• Directions for this task:
Write out, word for word and with no pictures, each line below from the one containing "2025 Harris 250" through the one containing "Volvo S60 2018", both included, and no other line.

• Excerpted data:

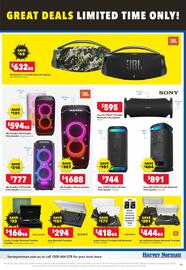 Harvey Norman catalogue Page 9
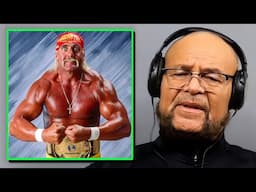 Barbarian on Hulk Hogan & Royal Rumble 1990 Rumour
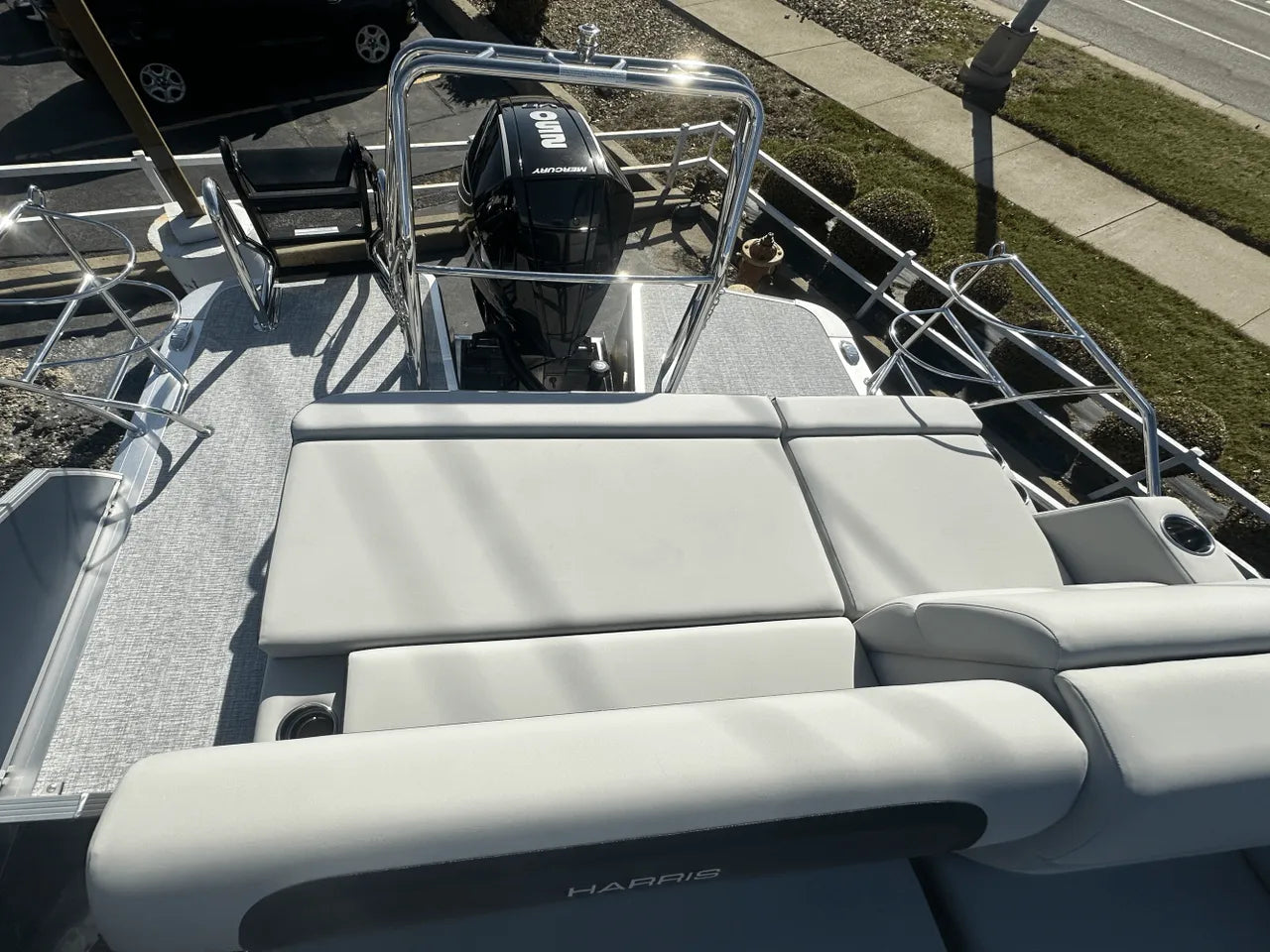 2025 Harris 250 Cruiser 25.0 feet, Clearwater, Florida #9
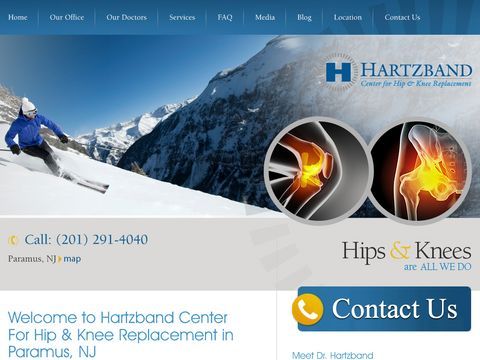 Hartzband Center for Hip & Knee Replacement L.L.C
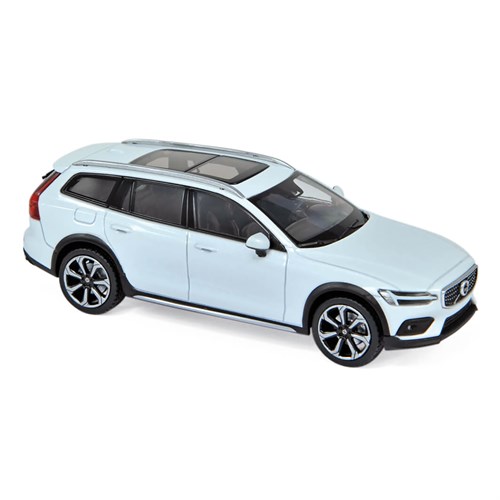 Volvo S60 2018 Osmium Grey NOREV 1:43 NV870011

...

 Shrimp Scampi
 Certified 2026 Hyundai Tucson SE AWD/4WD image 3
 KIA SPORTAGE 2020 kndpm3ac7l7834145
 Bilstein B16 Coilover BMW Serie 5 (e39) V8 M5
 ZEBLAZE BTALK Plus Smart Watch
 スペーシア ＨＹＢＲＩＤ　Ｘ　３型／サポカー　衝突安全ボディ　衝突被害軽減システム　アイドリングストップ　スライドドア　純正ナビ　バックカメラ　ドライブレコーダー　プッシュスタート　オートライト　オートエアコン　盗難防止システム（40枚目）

* * *

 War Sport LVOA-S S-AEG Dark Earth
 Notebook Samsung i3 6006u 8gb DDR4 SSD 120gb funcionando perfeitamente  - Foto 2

• Expected answer:
 2025 Harris 250 Cruiser 25.0 feet, Clearwater, Florida #9
 Hartzband Center for Hip & Knee Replacement L.L.C
 Volvo S60 2018 Osmium Grey NOREV 1:43 NV870011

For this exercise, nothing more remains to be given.